Spidey Super Stories #5
Marvel/The Electric Company (February, 1975)WRITER: Jean Thomas PENCILER: Winslow Mortimer INKERS: Mike Esposito & Tony Mortellaro ART DIRECTOR: John Romita EDITOR: A. J. Hays
Only three stories plus a look at the Vulture (who is the villain of the first story) and Spider-Man’s Spider Sense, plus a broken up tale in which Spidey goes to Fargo North to decode a message from J. Arthur Crank asking for help getting out of a sewer but for some reason he scrambled the words “Throw me a web”. I admit I don’t remember Crank well enough to recall if that was a thing with him.
The first story, “The Wings And The Web-Slinger” has the Vulture on another crime spree.
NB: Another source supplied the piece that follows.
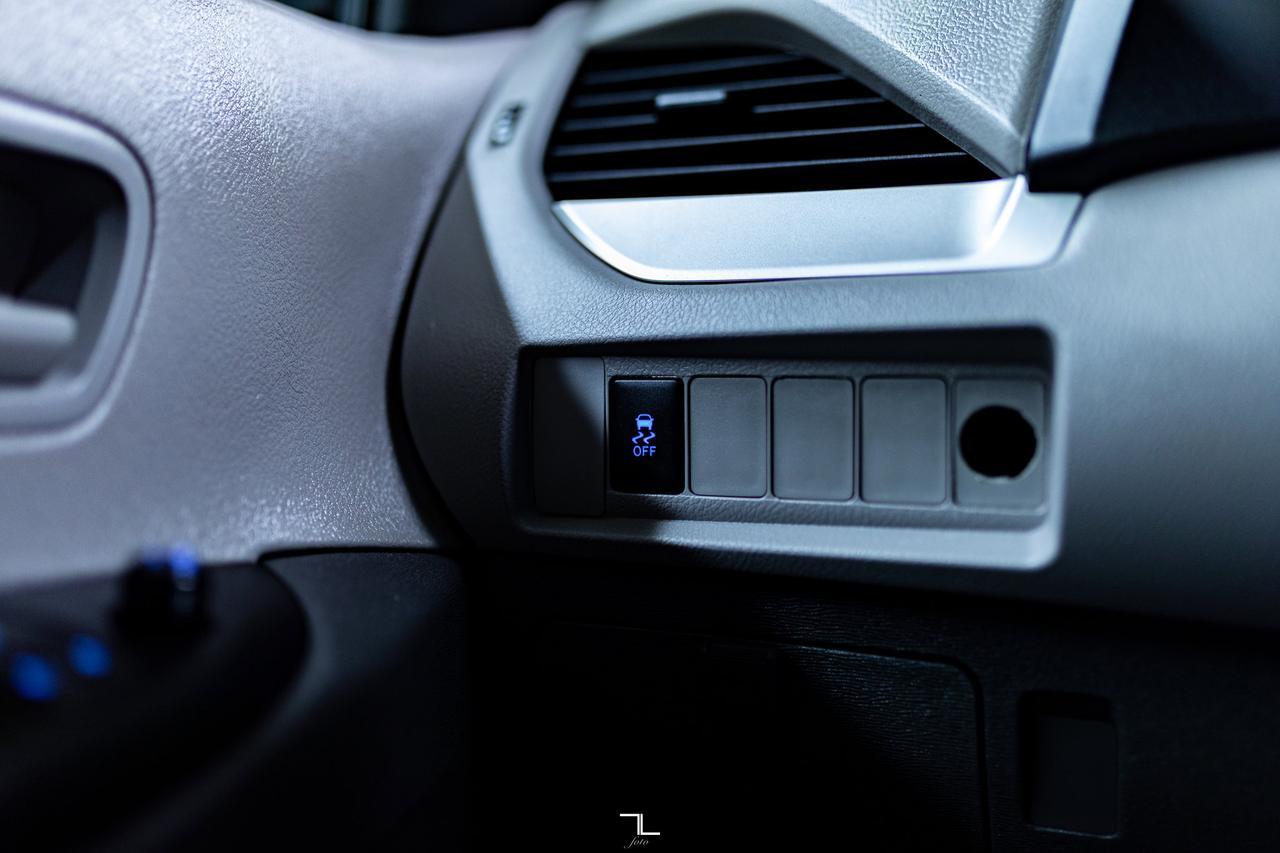 2015 Toyota Sienna LE BCam 7 Passenger Red Deer AB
Peter convinces the cops (who for some reason just happen to be in JJ’s office) to go with his plan to lure the Vulture in, but when Vulture is ready Spider-Man is hiding in wait for him and defeats him. This could almost be a regular Spider-Man story if not for the length and easy read dialog in a kids comic.
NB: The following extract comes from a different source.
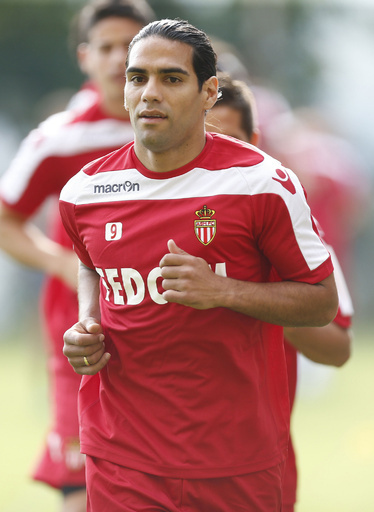 ファルカオ、年齢詐称のうわさを否定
“Spidey Fights Dr. Fright” is credited to Tom Whedon as the episode adaptation for the issue but I can’t find anything about this character besides the comic appearance. (And yet he does sound familiar.) Doctor Fright is so scary to look at that anyone who sees his face freezes in fear, so he keeps his face under a really large top hat to surprise his victims. (Don’t ask me how he sees through that thing, there are no eyeholes.) Spidey uses a broken mirror (which Fright made someone drop when frightening him) that he freezes himself, freeing his other victims. It’s your typical Electric Company villain. I just wish I could find evidence that he was.
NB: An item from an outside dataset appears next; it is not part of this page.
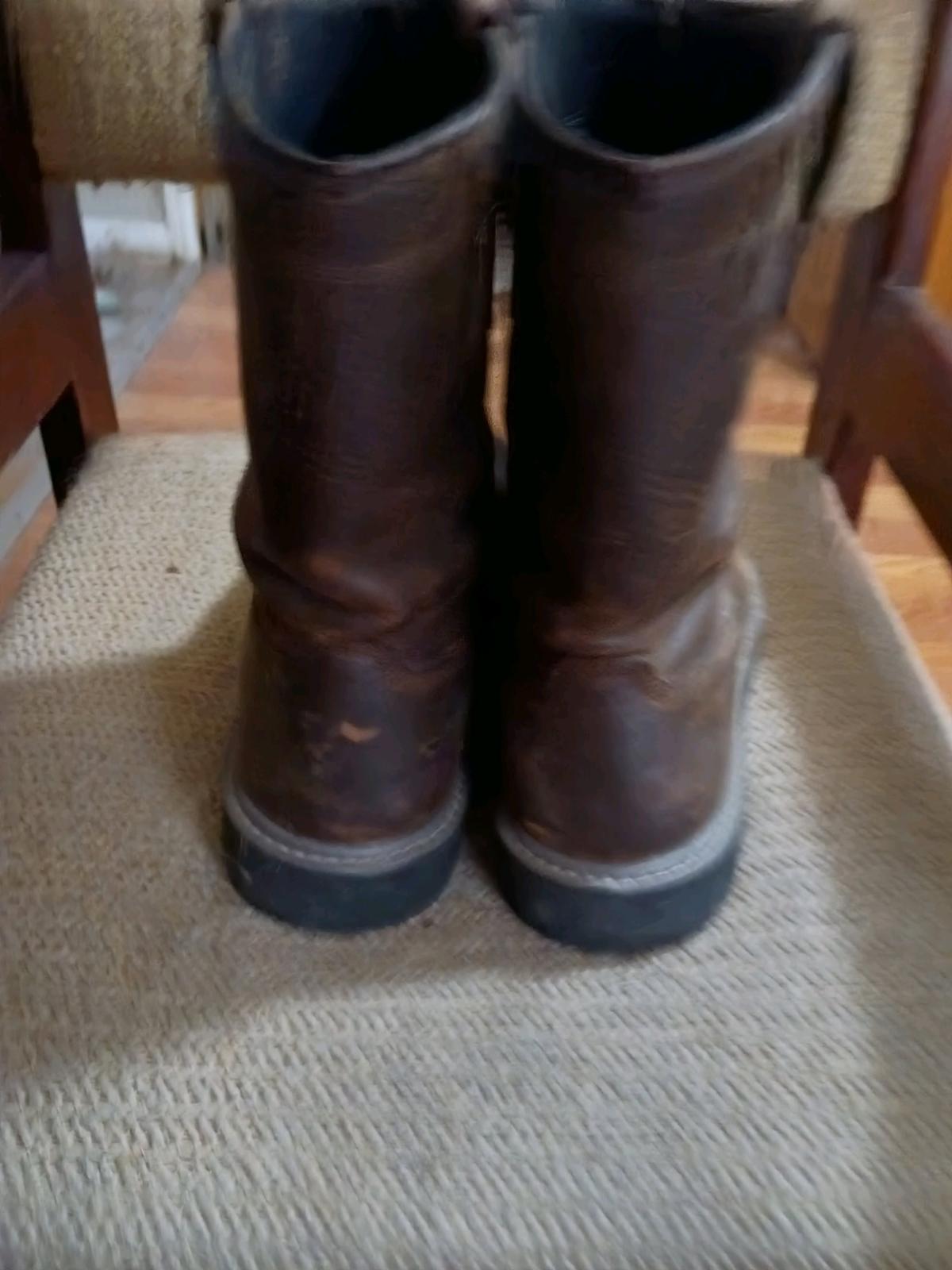 pair of steel toe boats size 11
The Shocker shows up in the final tale, “The Shocker!”. The villain is out to steal the prize cup at a music contest Peter is attending with Mary Jane and Kathy of The Electric Company is taking part in. And with lyrics like “My name is Kathy, Kathy is my name” the only reason she wins is by helping Spider-Man stop Shocker (and saving Spidey from a fall) by connecting one of Shocker’s gloves that Spidey managed to get off of him with her electric guitar, which boosted the power because kids comic. It’s not that great a story and while it makes Kathy look cool it doesn’t do Spidey any favors.
As an adult you only buy this comic for the unintentional humor in these comics (you’ve heard of the Thanos Copter, right?) or as in my case the nostalgia factor. It works on those grounds since today’s kids wouldn’t know any of the characters except Spider-Man and maybe his other characters.